Print the listing exactly, but only as far as the line containing "sarah_perez7 Webcam Chat October 16, 2026". The first line and that line are both included.
↓↓↓
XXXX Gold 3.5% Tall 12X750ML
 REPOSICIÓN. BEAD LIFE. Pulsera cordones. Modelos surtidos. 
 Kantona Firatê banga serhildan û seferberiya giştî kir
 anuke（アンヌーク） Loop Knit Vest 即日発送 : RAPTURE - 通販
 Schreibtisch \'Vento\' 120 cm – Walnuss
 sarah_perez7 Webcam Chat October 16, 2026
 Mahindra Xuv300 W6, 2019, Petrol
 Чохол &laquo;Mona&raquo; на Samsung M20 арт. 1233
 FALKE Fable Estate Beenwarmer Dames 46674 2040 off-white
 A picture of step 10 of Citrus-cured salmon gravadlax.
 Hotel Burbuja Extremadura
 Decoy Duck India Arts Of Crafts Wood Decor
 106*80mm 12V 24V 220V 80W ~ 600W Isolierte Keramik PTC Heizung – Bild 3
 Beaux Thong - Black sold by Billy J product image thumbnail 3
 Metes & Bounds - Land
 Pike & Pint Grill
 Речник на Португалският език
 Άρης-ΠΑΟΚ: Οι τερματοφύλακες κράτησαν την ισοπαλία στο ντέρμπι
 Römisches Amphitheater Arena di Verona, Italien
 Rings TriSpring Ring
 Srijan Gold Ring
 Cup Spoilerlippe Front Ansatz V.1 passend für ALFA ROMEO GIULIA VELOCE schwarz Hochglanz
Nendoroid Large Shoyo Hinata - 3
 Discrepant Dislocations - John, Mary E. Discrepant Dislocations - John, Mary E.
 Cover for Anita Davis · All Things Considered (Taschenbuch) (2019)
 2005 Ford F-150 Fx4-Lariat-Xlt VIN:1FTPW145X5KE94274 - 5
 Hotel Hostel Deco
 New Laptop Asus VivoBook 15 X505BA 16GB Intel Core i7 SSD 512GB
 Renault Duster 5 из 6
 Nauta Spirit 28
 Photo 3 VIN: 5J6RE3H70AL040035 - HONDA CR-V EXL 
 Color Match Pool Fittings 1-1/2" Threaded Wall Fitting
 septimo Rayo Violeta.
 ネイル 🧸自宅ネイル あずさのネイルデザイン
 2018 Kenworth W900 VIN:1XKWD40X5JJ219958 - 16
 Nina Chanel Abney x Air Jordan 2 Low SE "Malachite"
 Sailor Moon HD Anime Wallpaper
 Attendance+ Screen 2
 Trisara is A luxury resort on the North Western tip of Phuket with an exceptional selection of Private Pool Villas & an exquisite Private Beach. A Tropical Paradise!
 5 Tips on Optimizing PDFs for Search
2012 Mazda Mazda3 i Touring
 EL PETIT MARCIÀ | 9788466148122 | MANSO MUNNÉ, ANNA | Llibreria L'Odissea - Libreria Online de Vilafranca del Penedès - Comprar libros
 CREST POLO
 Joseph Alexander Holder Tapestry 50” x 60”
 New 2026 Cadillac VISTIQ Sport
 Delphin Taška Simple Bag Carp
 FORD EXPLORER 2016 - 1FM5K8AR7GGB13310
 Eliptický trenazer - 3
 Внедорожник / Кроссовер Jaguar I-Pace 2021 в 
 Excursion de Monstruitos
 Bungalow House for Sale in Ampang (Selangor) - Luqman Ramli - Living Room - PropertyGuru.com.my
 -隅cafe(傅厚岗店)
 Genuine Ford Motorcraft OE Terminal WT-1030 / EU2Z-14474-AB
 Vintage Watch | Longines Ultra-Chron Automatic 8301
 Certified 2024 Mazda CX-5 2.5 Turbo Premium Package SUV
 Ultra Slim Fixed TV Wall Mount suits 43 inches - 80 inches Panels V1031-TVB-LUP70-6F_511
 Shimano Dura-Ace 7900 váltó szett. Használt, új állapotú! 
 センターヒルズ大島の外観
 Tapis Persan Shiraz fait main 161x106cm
↑↑↑
→ Answer area
XXXX Gold 3.5% Tall 12X750ML
 REPOSICIÓN. BEAD LIFE. Pulsera cordones. Modelos surtidos. 
 Kantona Firatê banga serhildan û seferberiya giştî kir
 anuke（アンヌーク） Loop Knit Vest 即日発送 : RAPTURE - 通販
 Schreibtisch \'Vento\' 120 cm – Walnuss
 sarah_perez7 Webcam Chat October 16, 2026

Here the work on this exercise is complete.